When I was there on Saturday, in the exact same seat hilariously, I saw bumping and grinding of a whole different type.
Yes people, I succumbed to the hype and headed to that great metaphor for society’s decline; Erotica.
Until this year I have managed to resist the urge to head down to Erotica. I decided I had been to enough sex shops to get my… er fill.
I too, like most people, was completely unaware of the whole ‘get yer tits out on various forms of transport’ parades they apparently had every year. But dear Dicky Hubbard brought that to everyone’s attention with his moral stance and I’ll bet hugely increased the patronage of Erotica to boot. (I only hope he objects to my next show so I can do so well. Maybe I’ll throw in some naked Berry Berry Nice yoghurt wrestling just to make sure.)
This year I decided it would be a good idea to attend due to researching for my... er upcoming show Hot Pink Bits about famous sexual women.
So I roped in a mate and headed to the Auckland Showgrounds armed with $20 and an open mind.
Once inside I couldn’t help but feel it was all a bit shabby. I guess that’s mainly because the Logan Campbell needs a revamp, but cubicles that look like refugees from The Office peddling vibrating fists and rubber catheters seemed a bit wrong.

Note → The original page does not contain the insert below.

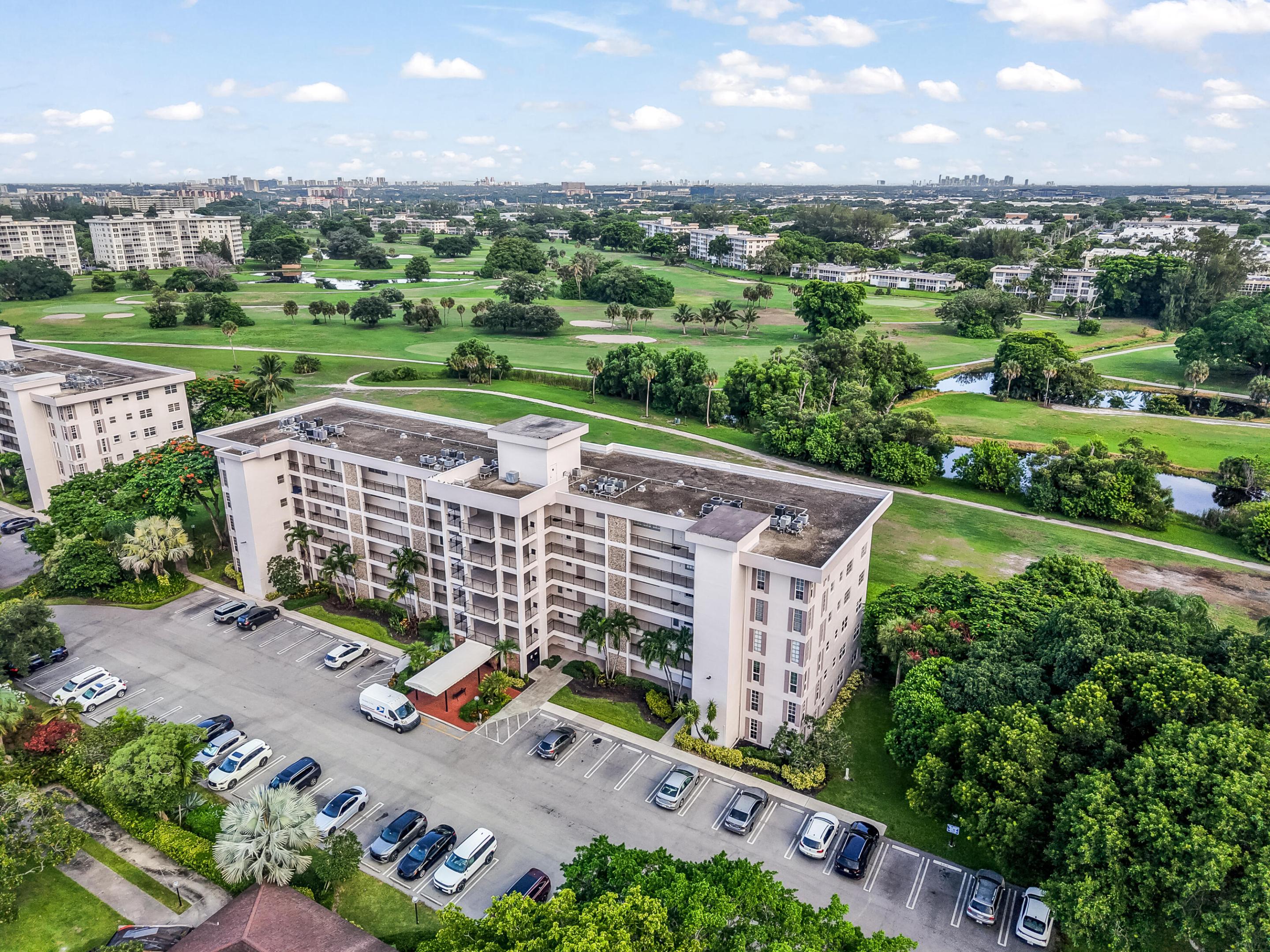 NO 4 PALM-AIRE COUNTRY CLUB - Residential Lease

Also some of the people selling needed to spruce up their act because, they were ugly.
“WHHHAAATTT!” you scream, “How can you say that???” Well…because they were. Before you get all moralistic on me, imagine buying an intrepid rabbit from an overweight man in a tight t-shirt with trackpants and a bum bag. Hmmm, case closed.
The stalls were, in fact, just like a giant sex shop. A sex supermarket if you will, Poontown perhaps. There was a vibrating hand glove that the overly excitable sales assistant grabbed my crotch with (I kid you not), a vibrating cone that you can sit on (and watch Coro I guess) and a million porn flicks, including My Ass is Haunted (don’t you hate it when that happens), but really nothing too new.

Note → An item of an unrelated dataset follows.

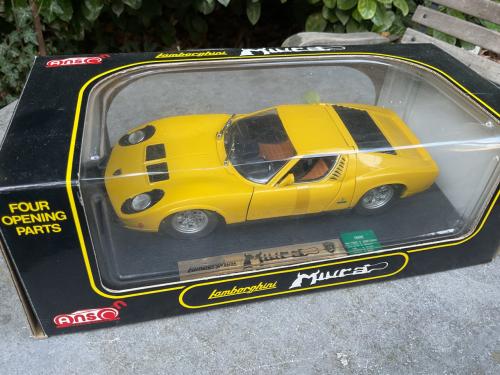 Lamborghini Miura 1:18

However where Erotica steps up from The Den is in their live shows and seminars.
First, a seminar on B&D.
I would like to say a lot about it, but I lasted 3.5 minutes and that wasn’t because of a quick… er climax, but because the woman was so boring I had to go. She was delivering info on sad-masochism with all the excitement of watching lube dry and so I lost interest quicker than you could say hot wax on testicles.
So finally the live shows...
I saw three shows. The first was an international porn star who danced and stripped to that sweet virginal group ‘The Pussy Cat Dolls’. She was gorgeous, a great dancer and had a very nice wax job. For her… er climax she managed to drag a female volunteer from the audience to pash up and dry hump. The boys were pleased. But not quite as pleased as when she ‘autographed’ one of her posters with a fluid that wasn’t ink and hurled it into the crowd. Probably a convent schoolgirl.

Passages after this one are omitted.